Lunch was worse. The cafeteria was a cacophony of noise and movement. I found myself leaning against a wall, watching the teenagers in their little cliques. There were the jocks, loud and boasting, the nerds huddled over books, the goths skulking in the shadows. It was a strange sort of hierarchy, built on popularity and perceived coolness. I tried to remember where I fit in this world, this forgotten teenage landscape. And then I realized, I didn't. I was an anomaly, a ghost from a future they couldn't possibly imagine.

That afternoon, in history class, the teacher droned on about World War II, dates and battles echoing through the room. I knew the names, of course. I knew the weight of those wars, the sacrifices made. But hearing them spoken about here, in this classroom, felt distant. They were lessons learned from textbooks. For me, they were lived experiences, the echoes of my current life. The disconnect was palpable, a chasm that separated me from these kids, from this time.

As the day dragged on, I tried to blend in, to become invisible. But my hardened gaze, the quiet intensity that had become a part of me, betrayed my efforts. I was different, and everyone knew it. As I walked home, the setting sun painting the sky in hues of orange and purple, I realized that I couldn't go back. I couldn't be this boy again. I couldn't unsee the things I'd seen, unfeel the burden I carried.

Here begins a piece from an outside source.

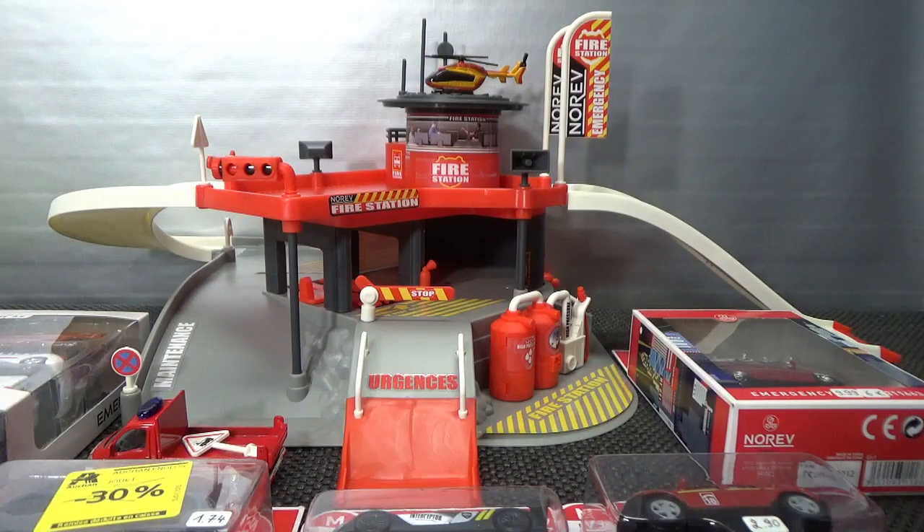Hello everyone. Welcome to Chasing Diecast Cars. In this episode I'm going to show some of my Norev emergency vehicles — not all of them but most of them.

This journey back hadn't been about reliving the past. It was a stark reminder of how much I had changed, of the man I'd become. And somehow, amidst the jarring cacophony of my old high school, I found a strange sort of peace. I was König, a soldier, a survivor. I was a man with a past, but now it was only a distant memory, and I had a future to fight for, even when I was back in the present, back on a field that I knew all too well. And in the quiet hum of the present, I knew that the past was exactly where it should stay.